## Supplied information
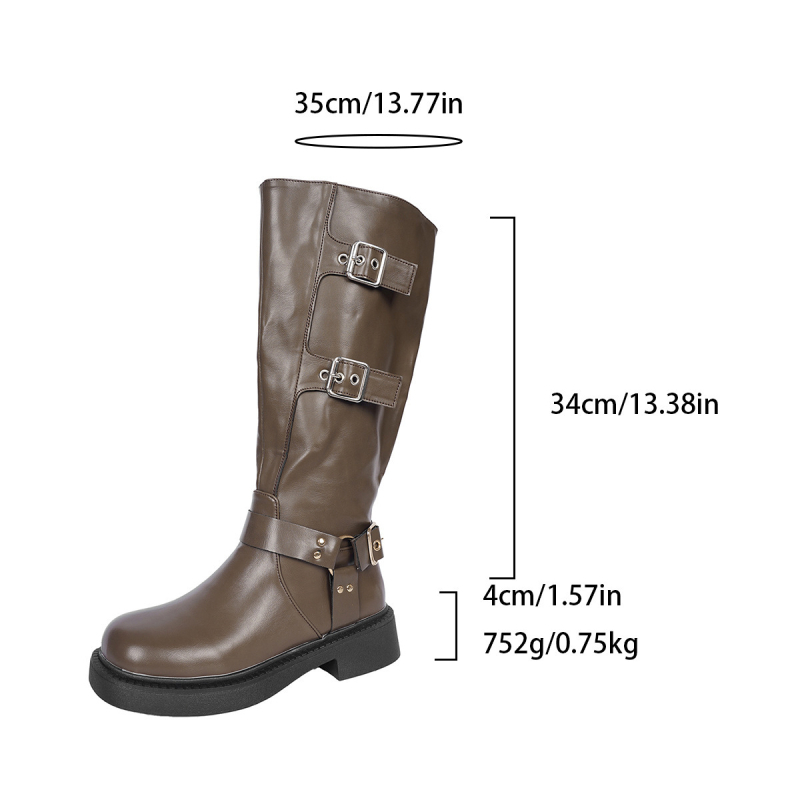 Ženske Martin čizme, kvadratni nos, debeli pet, 3–5 cm, zatvarač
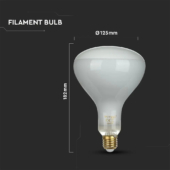 Kép 2/6 - V-TAC 8W E27 természetes fehér dimmelhető filament LED égő - SKU 7467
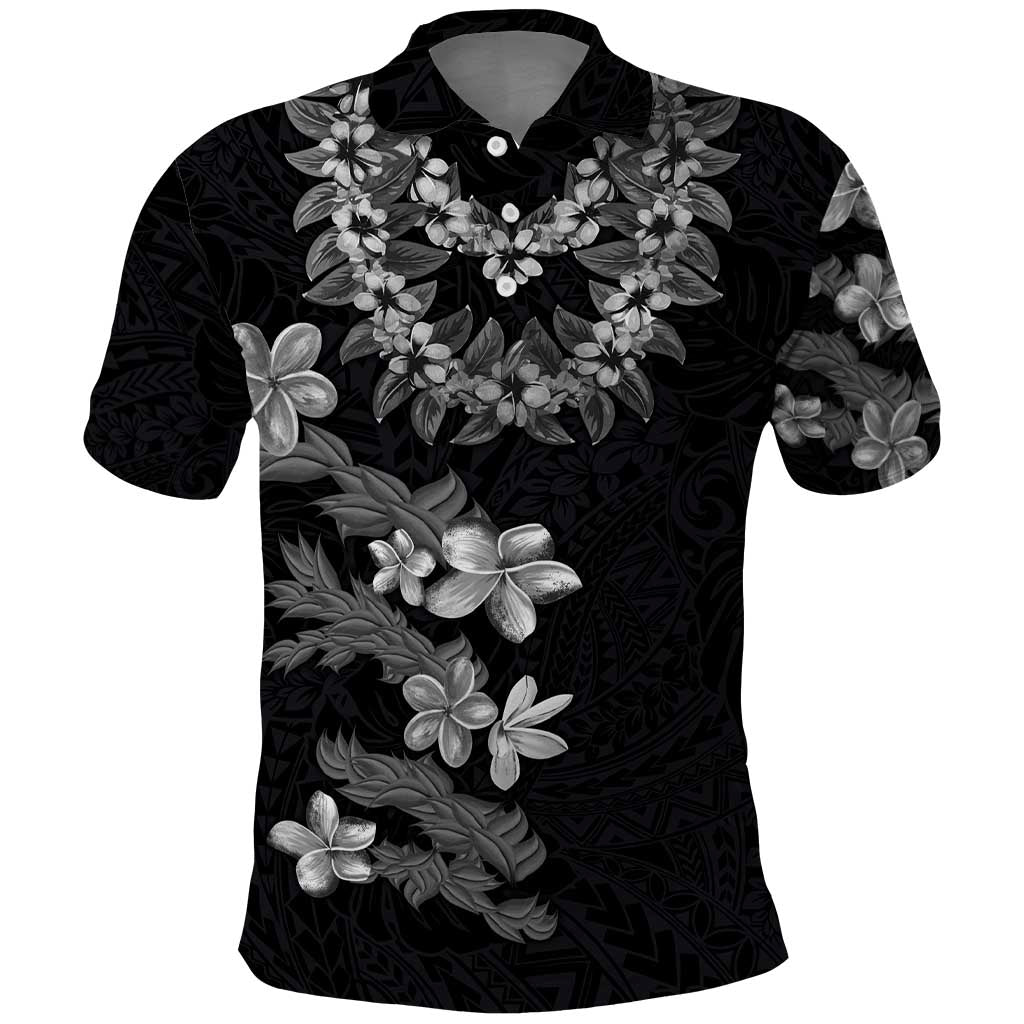 Hawaiian Lei Plumeria and Tropical Leaves Polo Shirt Watercolor Style-Grayscale LT03 Black - Polynesian Pride
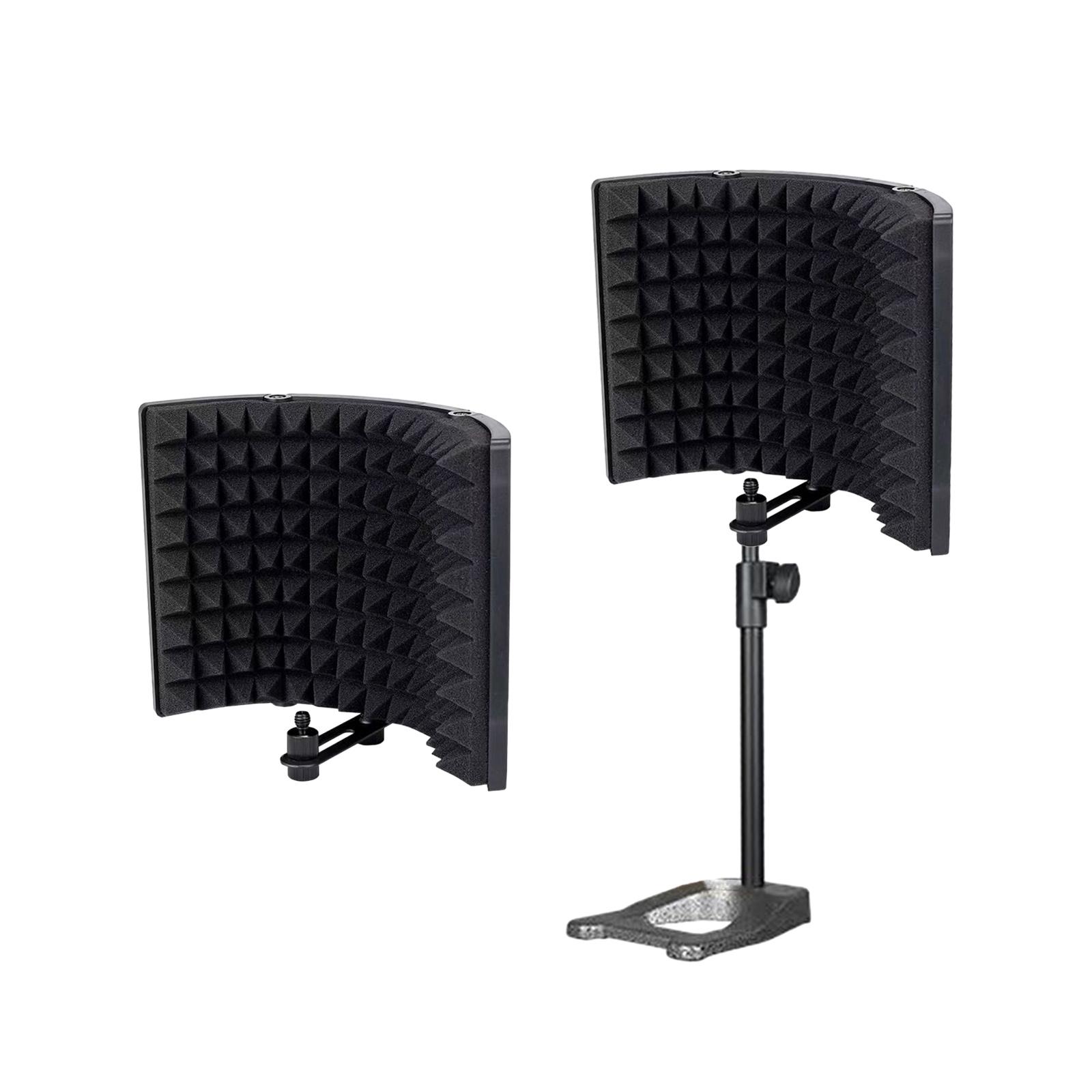 3 Panels Microphone Isolation Shield Adjustable for Singing Podcasts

## Aim of the task
Would you set down, word for word, the lines running from the one that contains "Hawaiian Lei Plumeria" to the last line of the material, omitting all pictures?

## Task output
 Hawaiian Lei Plumeria and Tropical Leaves Polo Shirt Watercolor Style-Grayscale LT03 Black - Polynesian Pride
 3 Panels Microphone Isolation Shield Adjustable for Singing Podcasts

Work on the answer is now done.